= Third quarterback rule =

NFL rule (1991–2010, 2023–present)

The third quarterback rule is a policy in the National Football League governing the use of a third quarterback in addition to the starter and the backup. It has existed in two iterations.

The original rule was in place from 1991 to 2010. In 2010, the last year the rule was in effect, teams could dress 45 players for game day. If they had two quarterbacks dressed for the game, they were allowed to dress a third quarterback who did not count toward that limit. However, if the third quarterback entered the game at any position before the third quarter ended, the starter and backup quarterbacks became ineligible to play for the rest of the game. The third quarterback, however, could play in the fourth quarter while preserving the eligibility of the starter and backup. The rule was abolished for the 2011 season, when the NFL increased the roster size to allow 46 players to dress for a game.

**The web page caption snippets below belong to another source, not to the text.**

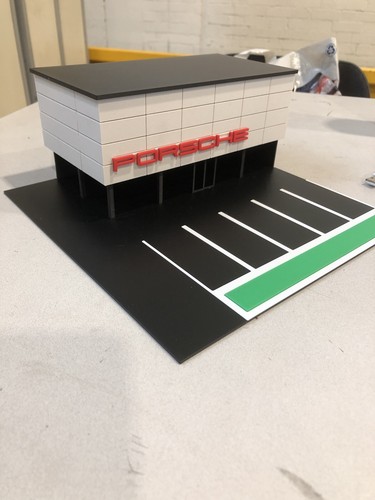 Printed porsche showroom - 3, d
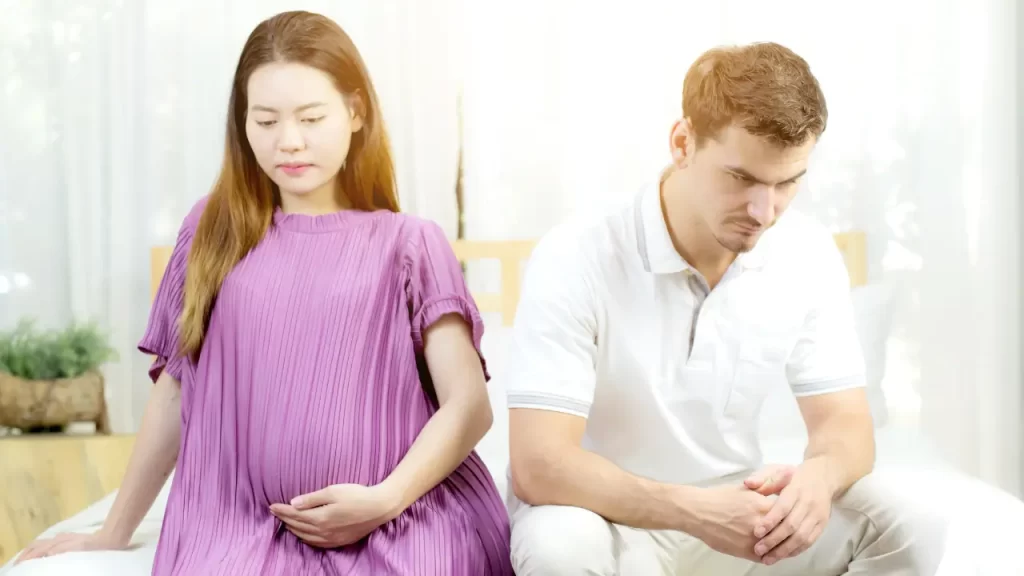 casal com feição triste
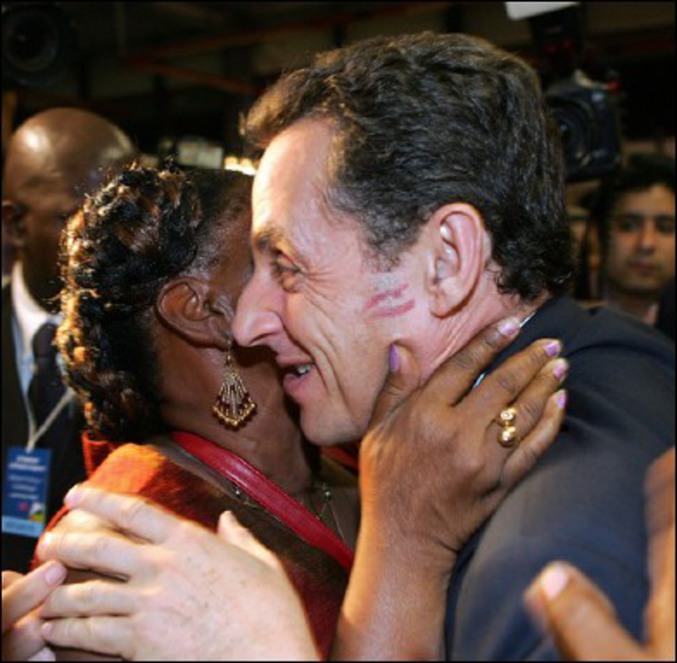 Sarkozy est embrassé par une dame d'origine africaine et a une belle trace sur la joue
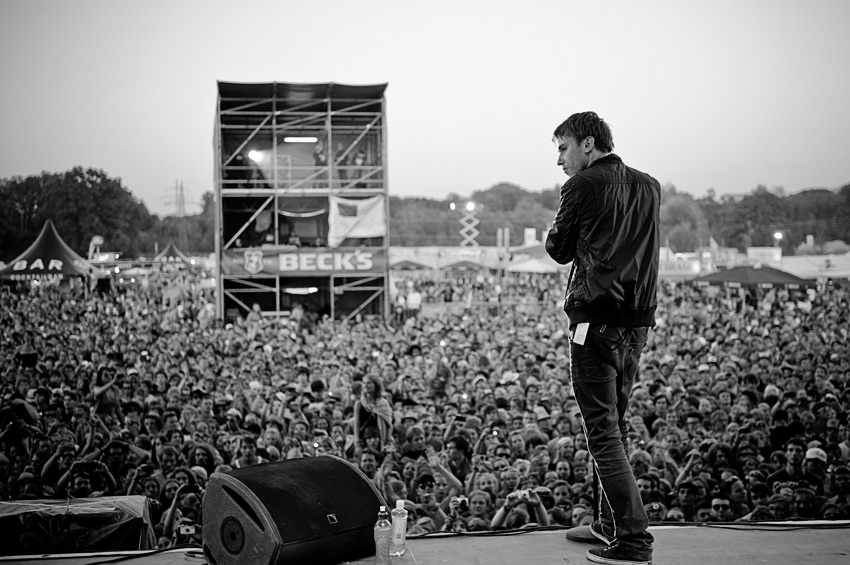 Clueso – Unser Fotograf war beim Vorzeige-Emcee auf der Bühne. – Guter Blick von der Bühne.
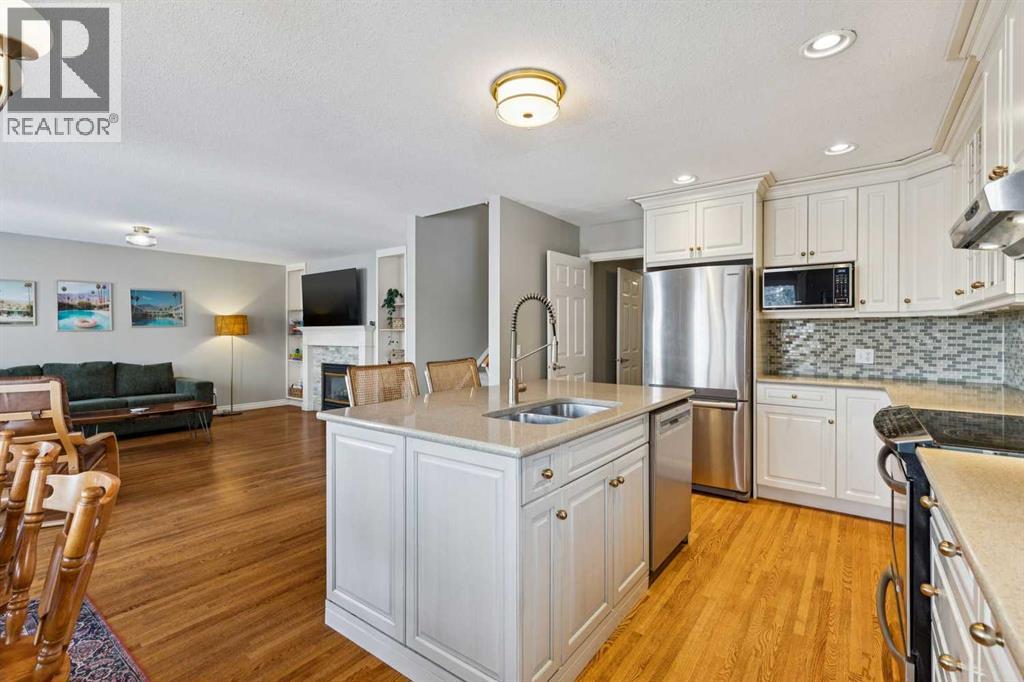 107 Sheep River Bay, Okotoks, Alberta  T1S 1R3 - Photo 11 - A2298402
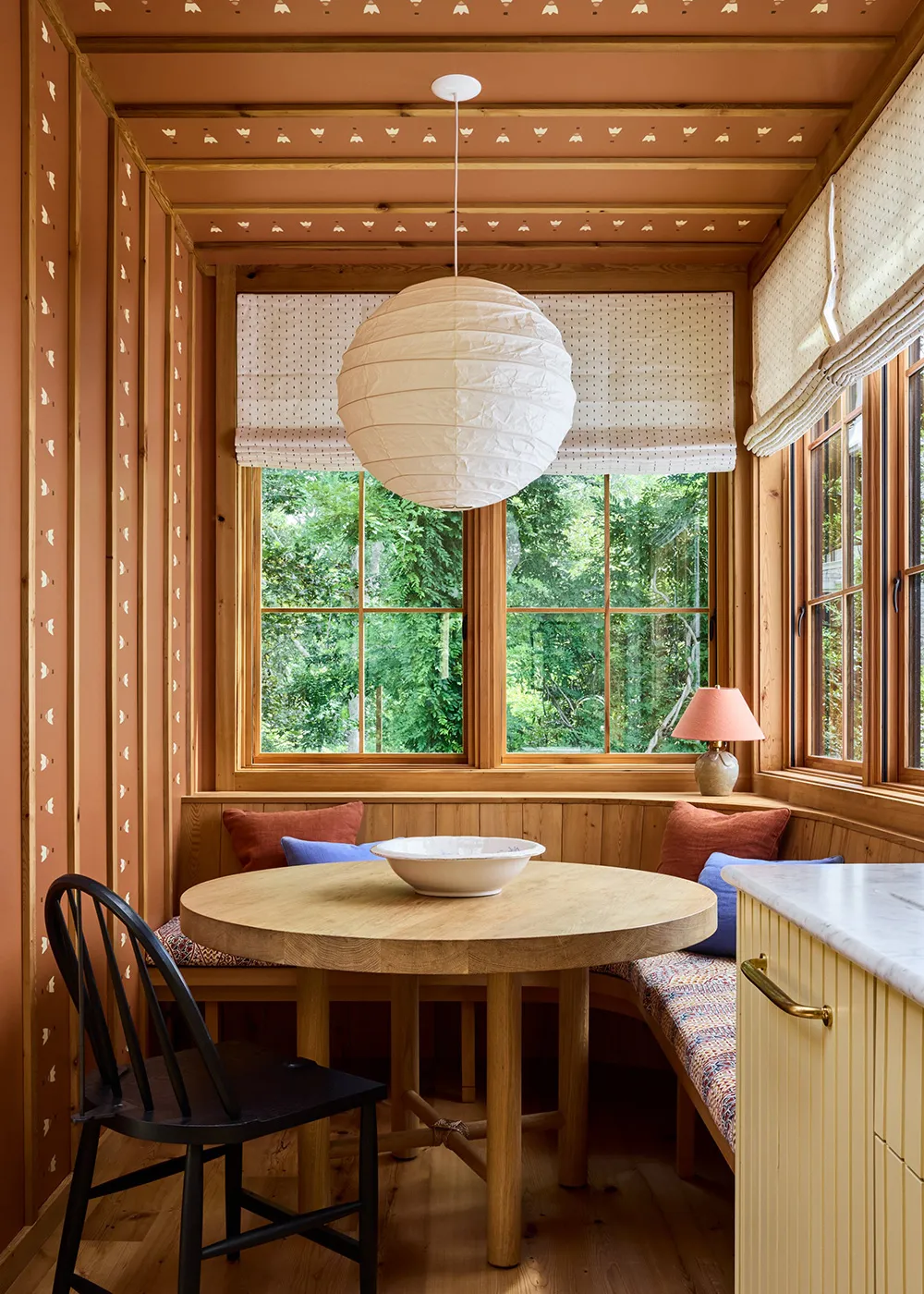 天然の木材を使えば決して過剰にはなりません。アメリカにあるこの美しいコテージも、その良さが存分に発揮されています。 - Gallery image 6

The full text of the original rule was:
Teams will be permitted an Active List of 45 players and an Inactive List of eight players for each regular-season and postseason game. Provided, that if a club has two quarterbacks on its 45-player Active List, a third quarterback from its Inactive List is permitted to dress for the game, but if he enters the game during the first three quarters, the other two quarterbacks are thereafter prohibited from playing.

Although it is not specifically indicated, the NFL had interpreted its rule to mean that in order to designate a third quarterback, the two on the active roster must both be "bona fide" quarterbacks, not other position players merely designated as quarterbacks.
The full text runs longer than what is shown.